Mexico Declares Bird Flu 'Emergency'
The Mexican government declared a national animal health emergency on Monday in the face of an aggressive bird flu epidemic that has infected nearly 1.7 million poultry.
More than half the infected birds have died or been culled, the agriculture ministry said of an epidemic that was confirmed on Friday by the U.N.'s Food and Agriculture Organization (FAO).
"We have activated a national animal health emergency... with the goal of diagnosing, preventing, controlling and eradicating the Type A, sub-type H7N3 bird flu virus," the ministry said.
Health officials keep a close watch on such outbreaks in Mexico since so-called swine flu began there in 2009. The H1N1 virus spread into a global pandemic that claimed the lives of 17,000 people.
The virus responsible for Mexico's current bird flu outbreak, H7N3, has occasionally caused human disease in various parts of the world, according to the U.N., but has not shown itself to be easily transmittable between humans.

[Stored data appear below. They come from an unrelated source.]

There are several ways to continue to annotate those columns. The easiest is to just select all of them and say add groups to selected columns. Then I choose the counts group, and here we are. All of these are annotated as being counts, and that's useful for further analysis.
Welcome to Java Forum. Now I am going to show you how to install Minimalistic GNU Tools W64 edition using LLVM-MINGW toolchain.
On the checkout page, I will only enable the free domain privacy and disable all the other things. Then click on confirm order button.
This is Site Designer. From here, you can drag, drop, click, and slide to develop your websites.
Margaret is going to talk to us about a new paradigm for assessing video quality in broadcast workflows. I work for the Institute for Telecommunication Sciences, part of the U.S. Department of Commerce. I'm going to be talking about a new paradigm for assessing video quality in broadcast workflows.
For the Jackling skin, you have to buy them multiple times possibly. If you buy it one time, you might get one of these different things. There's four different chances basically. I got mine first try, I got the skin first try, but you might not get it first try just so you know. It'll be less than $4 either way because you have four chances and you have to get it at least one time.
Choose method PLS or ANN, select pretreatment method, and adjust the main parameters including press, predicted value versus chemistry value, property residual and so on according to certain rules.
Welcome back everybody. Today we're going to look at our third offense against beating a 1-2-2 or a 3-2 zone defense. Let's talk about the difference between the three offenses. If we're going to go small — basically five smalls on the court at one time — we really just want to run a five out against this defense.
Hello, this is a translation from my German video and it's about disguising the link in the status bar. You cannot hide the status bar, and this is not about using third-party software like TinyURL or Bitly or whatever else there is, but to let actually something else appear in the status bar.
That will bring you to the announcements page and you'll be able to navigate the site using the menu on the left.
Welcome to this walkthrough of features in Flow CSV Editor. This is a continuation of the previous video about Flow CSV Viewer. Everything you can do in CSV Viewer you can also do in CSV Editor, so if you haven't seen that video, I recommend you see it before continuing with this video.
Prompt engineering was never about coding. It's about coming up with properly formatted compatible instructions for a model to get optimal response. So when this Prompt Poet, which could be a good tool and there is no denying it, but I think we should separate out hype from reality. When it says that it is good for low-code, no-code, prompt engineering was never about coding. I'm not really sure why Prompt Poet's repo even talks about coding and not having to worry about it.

The outbreak was first detected on June 20. The FAO reported on Friday that 1.7 million birds had been contaminated and 870,000 had died at 10 breeding farms in the western state of Jalisco.
The emergency declaration on Monday included provisions for quarantine, slaughter, vaccination, and the destruction of infected products.
The agriculture ministry said poultry farming "contributes up to 40 percent of the total volume" of the country's livestock production, and the "economic loss" from this epidemic "is and will be irreparable."